### PROVIDED DATA
========================================================================
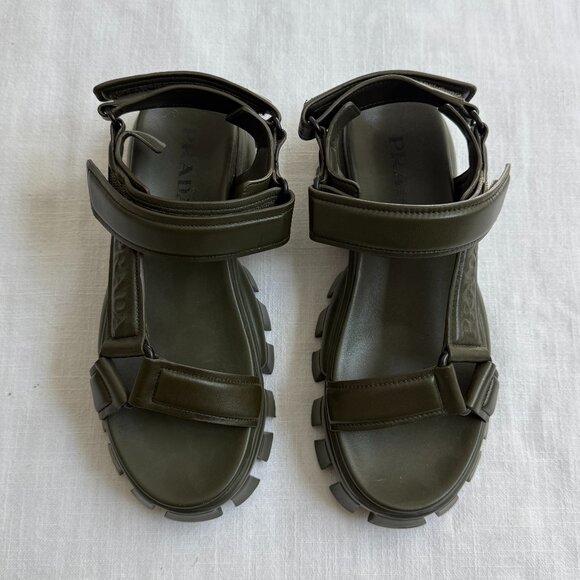 Prada Chunky Sandals in Olive Green Leather - Size 39 - Picture 9 of 10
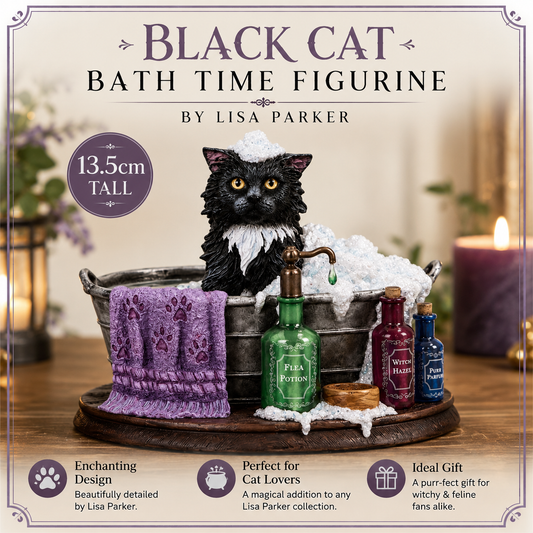 Black Cat Bath Time Figurine by Lisa Parker 13.5cm
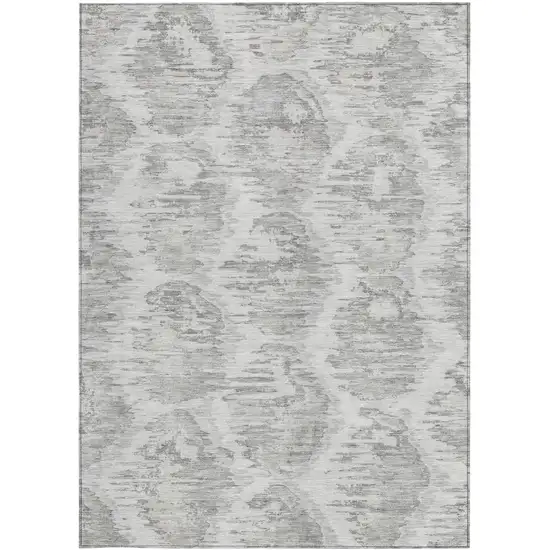 Ivory Silver And Taupe Abstract Washable Indoor Outdoor Area Rug Photo 5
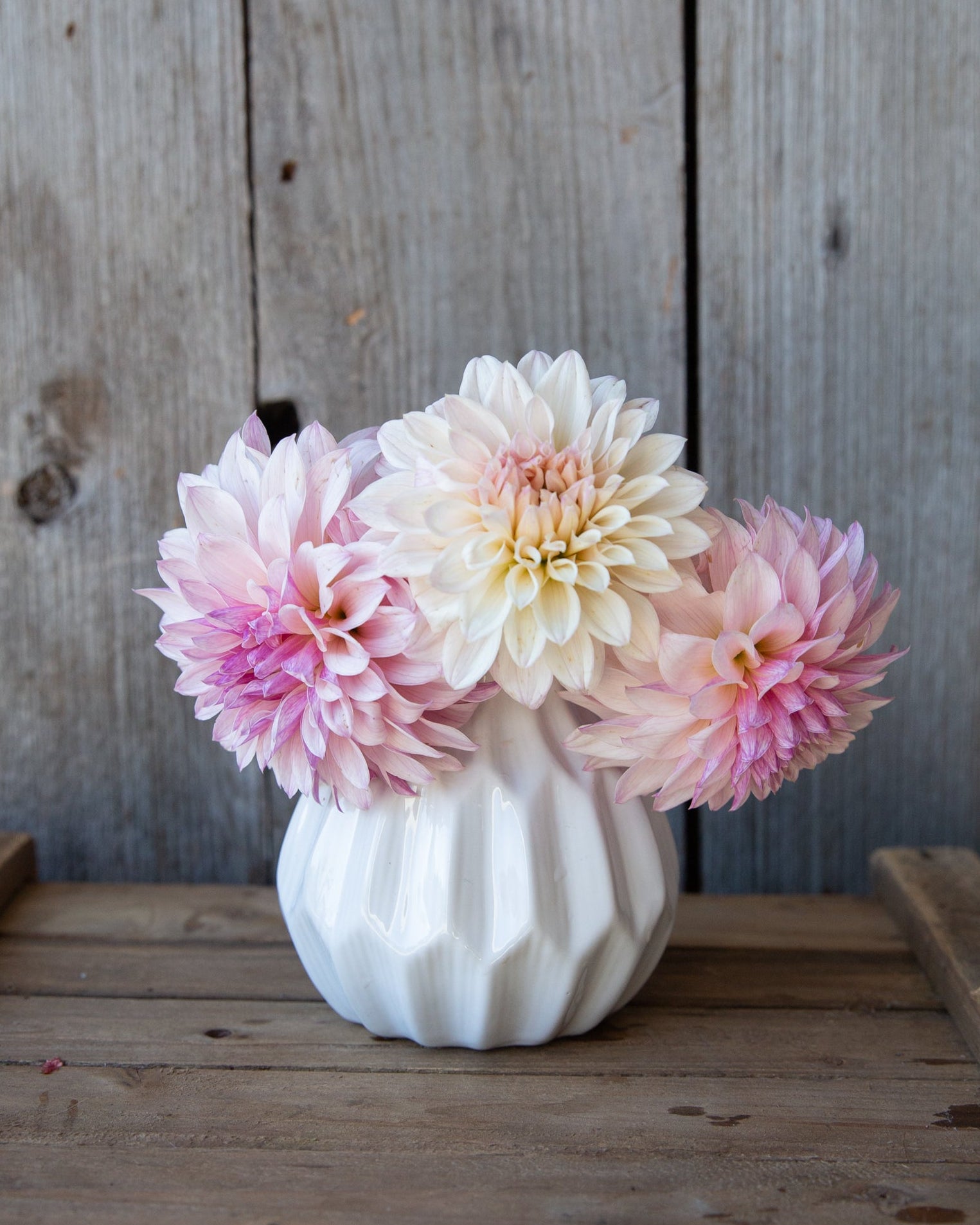 White vase with pink and white flowers on a wooden surface with a wooden background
========================================================================
### YOUR GOAL
Your answer must be only the lines from the one that holds "Black Cat Bath" to the end of the listing, each restated word for word, with both ends kept and pictures left out.

### TASK RESPONSE
 Black Cat Bath Time Figurine by Lisa Parker 13.5cm
 Ivory Silver And Taupe Abstract Washable Indoor Outdoor Area Rug Photo 5
 White vase with pink and white flowers on a wooden surface with a wooden background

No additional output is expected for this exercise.